One of the treasures of Oxford’s Bodleian Library is a rare early-seventeenth-century manuscript which once belonged to the virtuoso, collector and founder of the Ashmolean Museum, Elias Ashmole. Catalogued in the seventeenth century as ‘A Book of Fruit Trees with their Fruits, drawn in Colours’, from the nineteenth century it has been known misleadingly as ‘Tradescant’s Orchard’ from a reference in it to the royal gardener John Tradescant. It appears, however, to have been compiled by an unidentified garden owner in the circle of Tradescant, John Parkinson (author of Paradisi in Sole), John Goodyer, and others who were enthusiastically importing and cultivating wide varieties of new plants and fruits during the second and third decades of the seventeenth century.

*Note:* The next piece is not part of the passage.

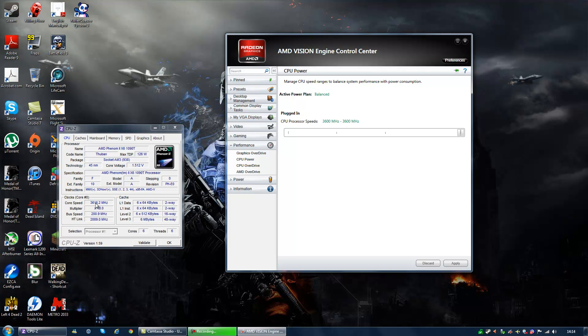Now we've got 3.6 gigahertz. This is how you overclock your AMD CPU in about 4 seconds.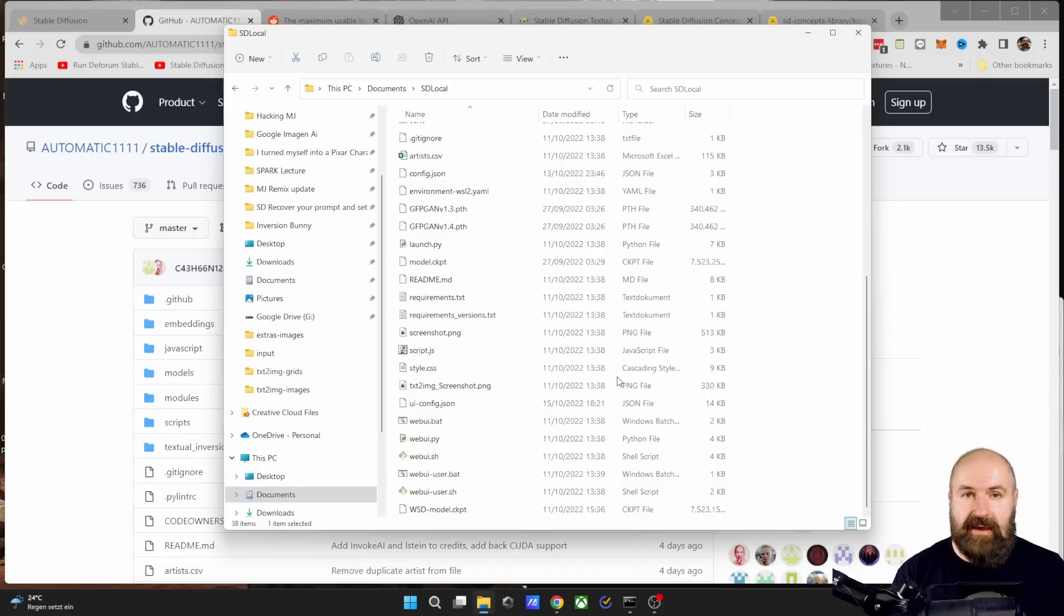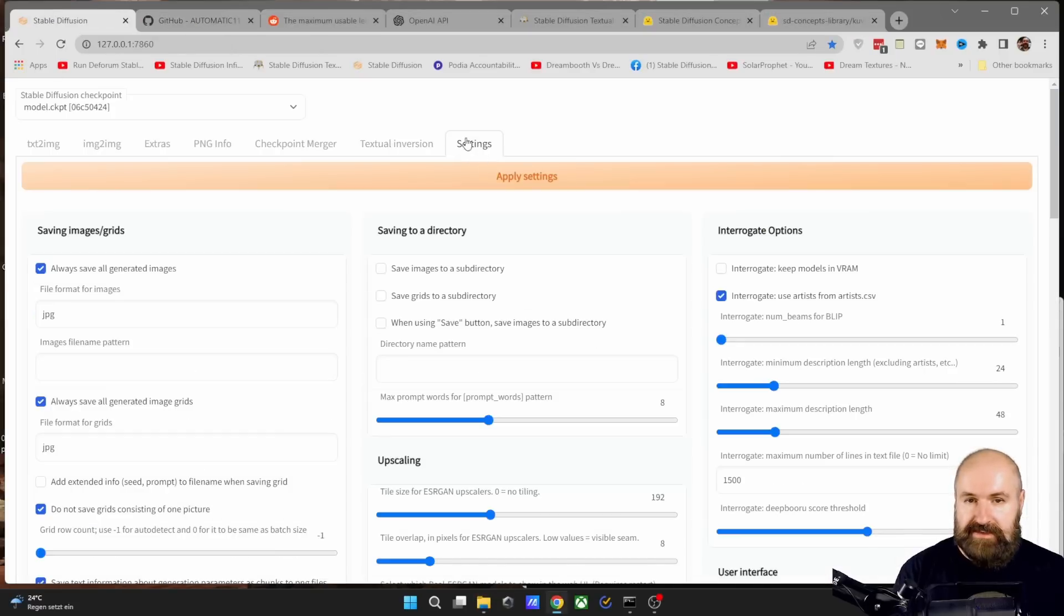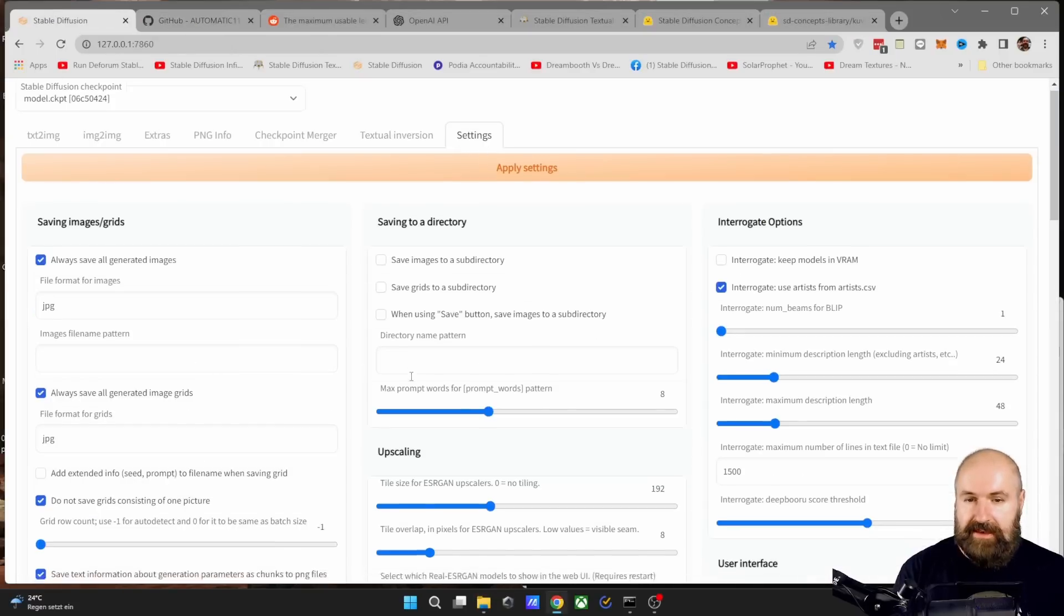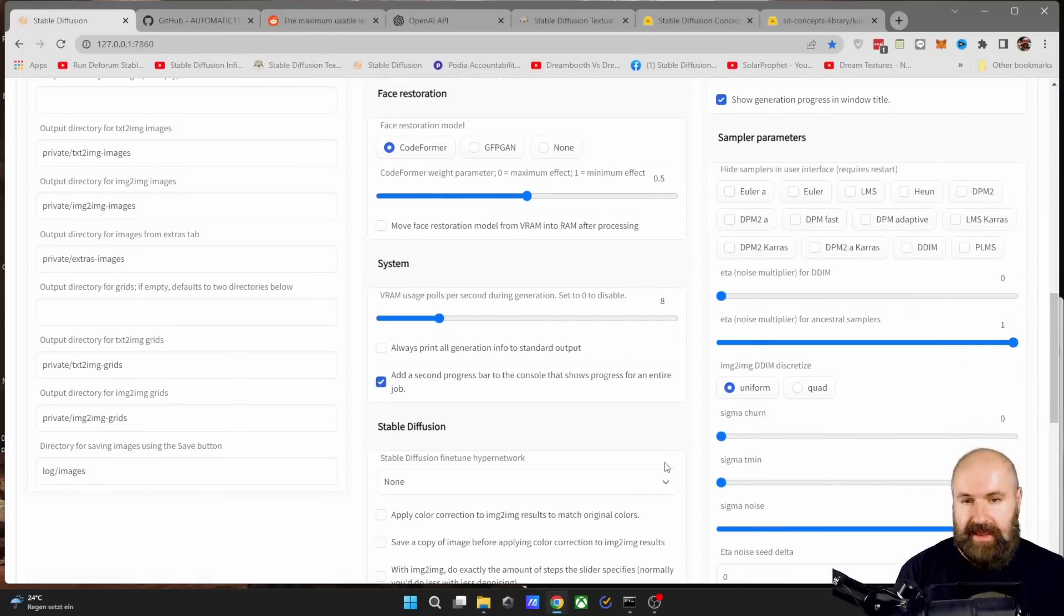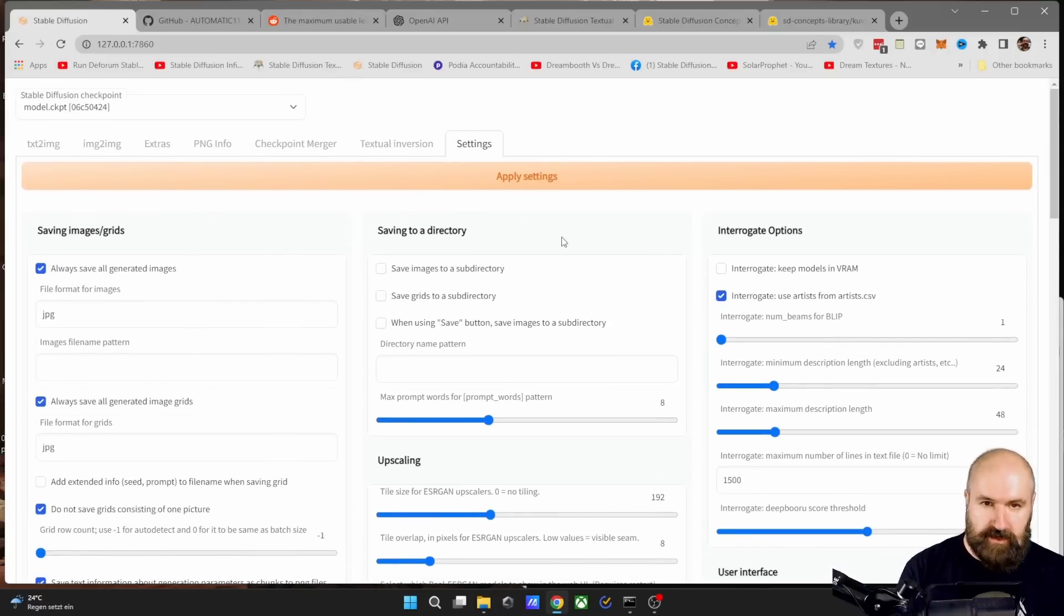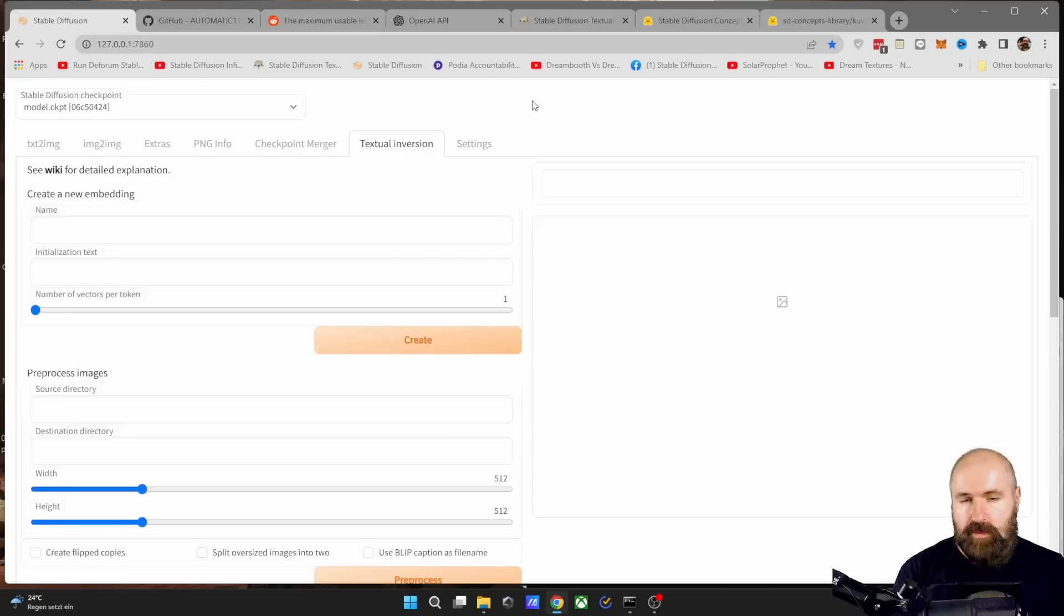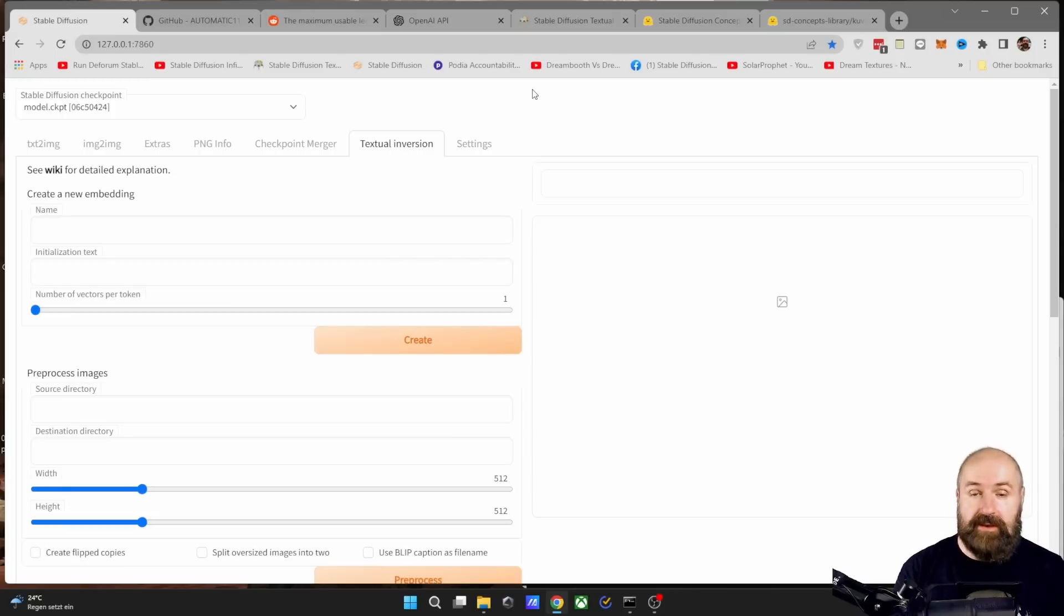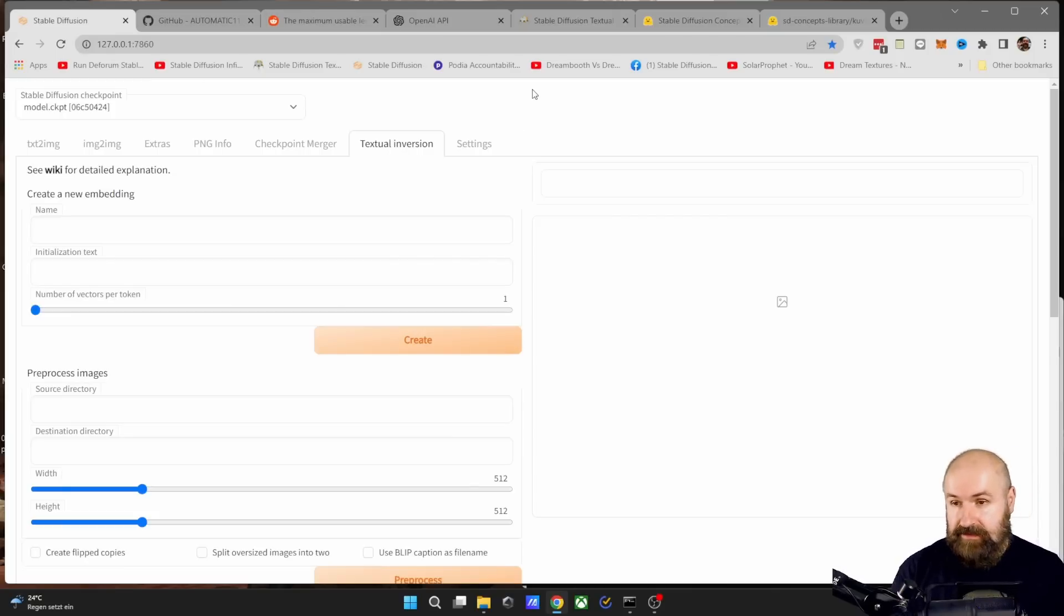After you've done this, some of your settings might have been reset to the original. So go here into settings and check if everything is still as before. And of course, if you make changes, click on apply. Now that we have a basic understanding of what textual inversion is, let's see how it is done in Stable Diffusion.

The talk will discuss the context and possible purposes of the manuscript, and the sources in needlework pattern books for the un-naturalistic and very colourful insects and animals which embellish many of the folios. Henrietta McBurney MVO, FLS, FSA, is an art curator and art historian. She worked as curator in the Print Room of the Royal Library, Windsor, for nearly 20 years. Subsequently she was keeper of fine and decorative art at Eton College, and curator of collections at the Garrick Club and Newnham College, Cambridge; she has since worked free-lance as a curator for Cambridge colleges. She has a particular interest in the intersection of art and science and has recently published Illuminating Natural History. The Art and Science of Mark Catesby (Paul Mellon Centre/Yale, June 2021). Other publications include studies on the 17th-century Florilegium of Alexander Marshal and Birds, Other Animals and Natural Curiosities, the natural history drawings for Cassiano dal Pozzo’s Paper Museum.